Durante os últimos dias do ciclo, pode-se experienciar o Transtorno Disfórico Pré-Menstrual (TDPM), que é classificado em graus leves, moderados e graves, com os graus mais severos requerendo tratamento médico.
A especialista ainda afirma que o bem-estar mental pode ser afetado quando os níveis de estrogênio estão baixos, levando a uma sensação de confusão mental conhecida como “Brain Fog”. Em contrapartida, níveis elevados de hormônios podem resultar em maior produtividade.
Esta compreensão sobre os ciclos hormonais reflete na crescente proposta de políticas públicas, como a licença menstrual, que visa oferecer a mulheres dias de descanso remunerado durante períodos de sintomas intensos relacionados ao ciclo. No Brasil, o Projeto de Lei 1.249/22 está em tramitação, buscando validar essa necessidade. Outros países, como Espanha e Japão, já implementaram iniciativas semelhantes.
Além dos desafios físicos, como cólicas menstruais, que afligem muitas mulheres, estudos revelam que uma significativa porcentagem de mulheres jovens sofre com dores menstruais, reforçando a necessidade de reconhecer e abordar essas questões mais eficazmente.
A pesquisa sobre a saúde das mulheres, conforme observado, ainda é insuficiente, resultando em uma lacuna de gênero no campo médico.
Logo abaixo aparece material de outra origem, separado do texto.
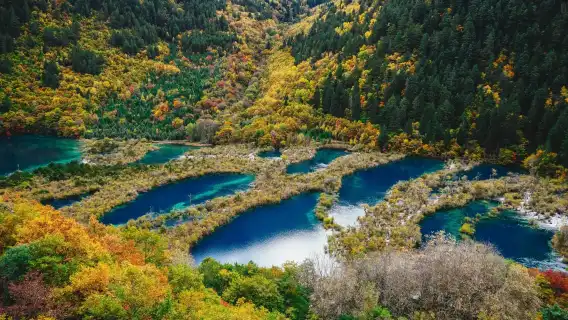 Jiuzhaigou + Huanglong 2-Day private group tour+ High-Speed Rail + admission ticket+ Full-Time Private Car Transfer + Intimate Service Guarantee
Um estudo de 2022 revela que as mulheres são sub-representadas em pesquisas, frequentemente levando a diagnósticos e tratamentos inadequados, como evidenciado no caso da endometriose.
Fatores sociais e demandantes, como a carga de trabalho tripla enfrentada por muitas mulheres, também impactam diretamente a saúde hormonal e cerebral, mostrando que a saúde feminina é um campo que merece mais atenção e pesquisa.